Aida Kchaou Khrouf : Mon travail est né de l’absence. À Sfax, la mer était invisible, cachée derrière le port et les usines. Lors de mon exposition à la Maison de France en 2012, mes œuvres ne comportaient aucun bleu. Quand on me demandait pourquoi, je répondais : « On sent que l’on vient d’une ville côtière, mais personnellement je ne l’ai jamais vue. Et vous, l’avez-vous vue ? » Cette invisibilité a éveillé une conscience collective : qu’avions-nous perdu ?
En 2015, la mobilisation citoyenne a rouvert le littoral et le bleu est revenu dans mon travail, chargé de privation, de lutte et de reconstruction.
Aujourd’hui, mes expositions et performances — autour de la mer, de l’érosion ou des sites de déchets — deviennent des espaces de réflexion qui incitent surtout les jeunes à ressentir, à comprendre, à agir.

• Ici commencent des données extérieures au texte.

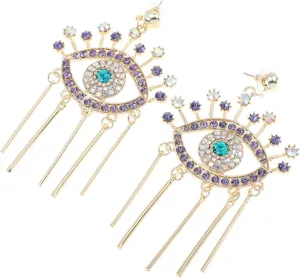 NOLITOY 1 Pair Tassel Earrings for Women Artistic Alloy Dangle Jewelry with Rhinestones Stylish Ear Pendants for Parties and Special Occasions present for Girlfriends and Loved Ones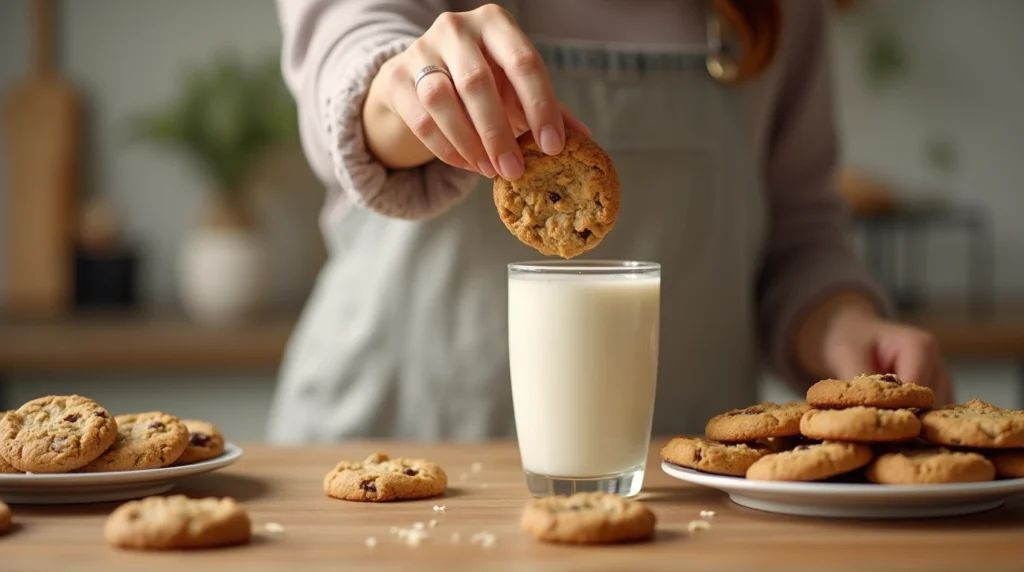Person dunking an oatmeal raisin cookie into almond milk.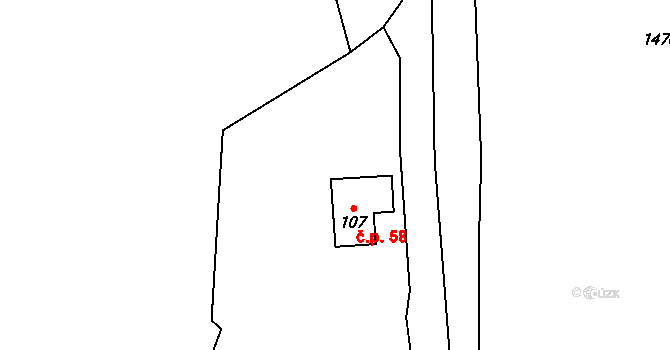 Kuří 58, Benešov nad Černou na parcele st. 107 v KÚ Kuří, Katastrální mapa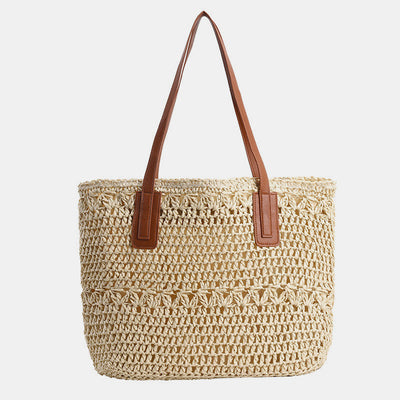 Lightweight Summer Beach Straw Woven Handbag Tote Sholder Bag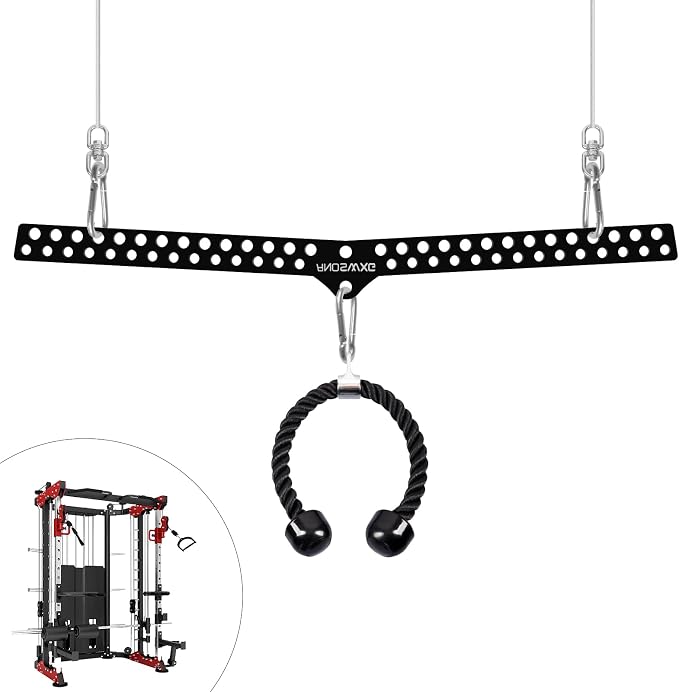 Multi-Grip LAT Pull Down Bar for Home Gym Fitness, Spreader Plate LAT Pulldown Attachments for Pulley System Cable Machine, Double to Single Cable Attachment Exercise Handle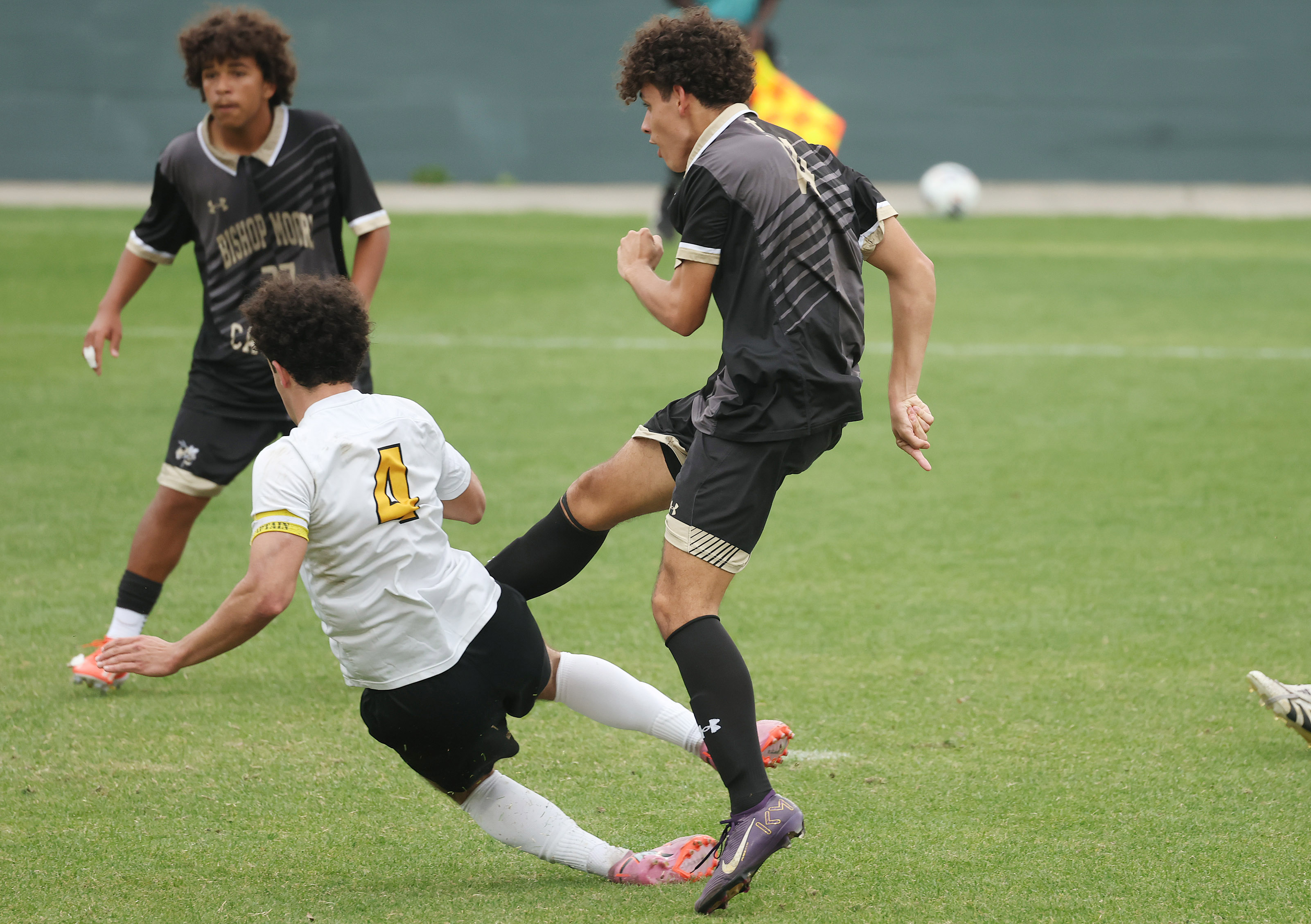 Bishop Moore Catholic High School soccer player Eddie Benitez (14)...
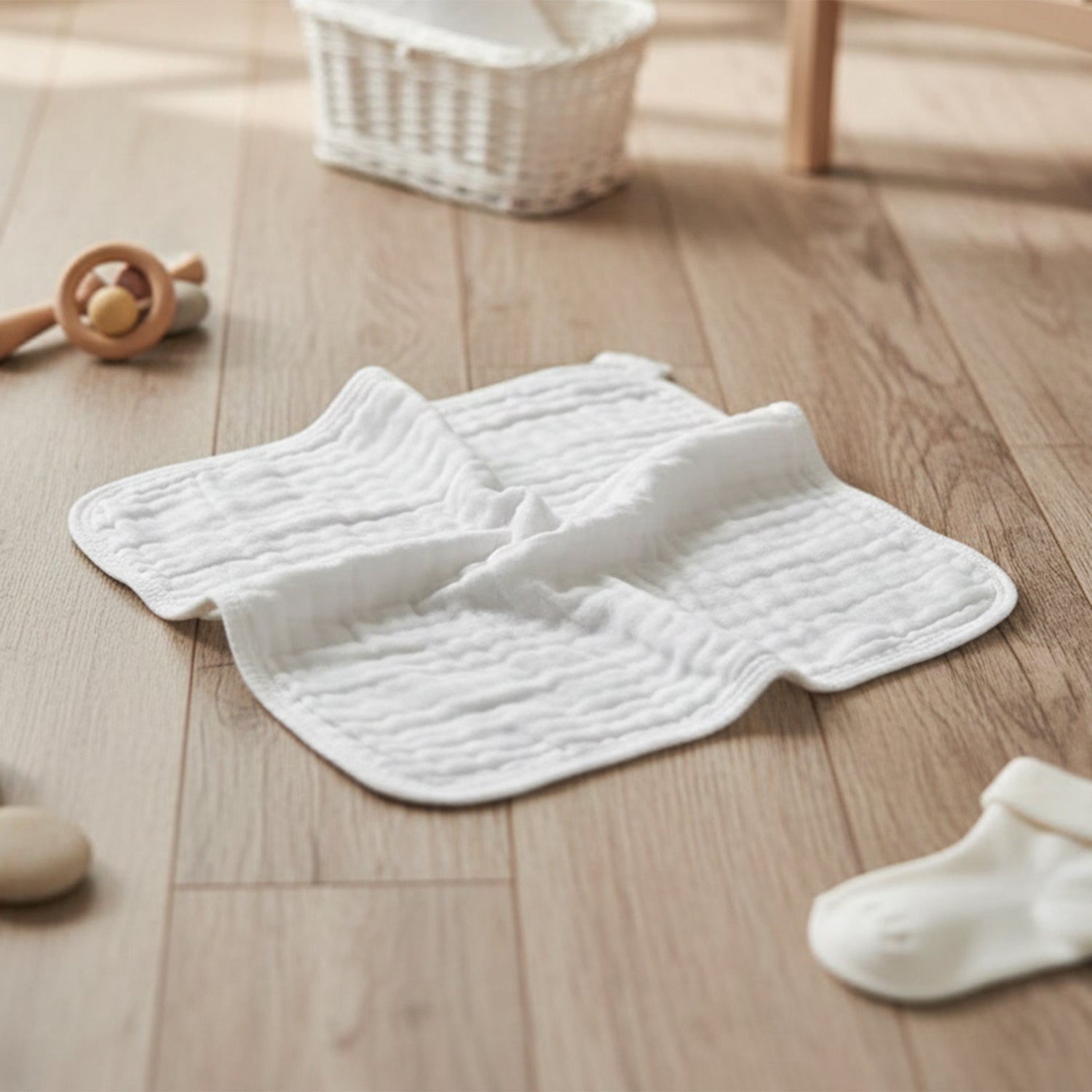 Baby Moo Cartoon Print Pack of 5 Soft Hankies Multipurpose Wash Cloth Muslin Napkin - White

L’art transforme Sfax lorsqu’il révèle, interroge et relie l’histoire, le corps et la mémoire des lieux. Il devient alors un véritable outil de conscience et de transmission.
M.B : Quels sont vos projets actuels ou à venir ? Quel est le projet qui vous tient le plus à cœur ou votre plus grand rêve artistique ?
Aida Kchaou Khrouf : Je préfère garder mes projets actuels ou à venir pour le moment voulu.
Mon plus grand rêve artistique est double. D’abord, obtenir le soutien de fondations ou d’institutions pour réaliser des installations à grande échelle — des projets que je ne peux entreprendre seule, pour des raisons logistiques et financières. Ensuite, disposer d’un fond pour publier un livre consacré à l’énergie de la mer, qui retrace mes expositions, la vibration et la pulsation de la mer, afin de transmettre cette vision et partager cette mémoire avec un public plus large.

M.B : Merci, Aïda, d’avoir offert à cet entretien la clarté de votre regard et la vibration de votre mer intérieure.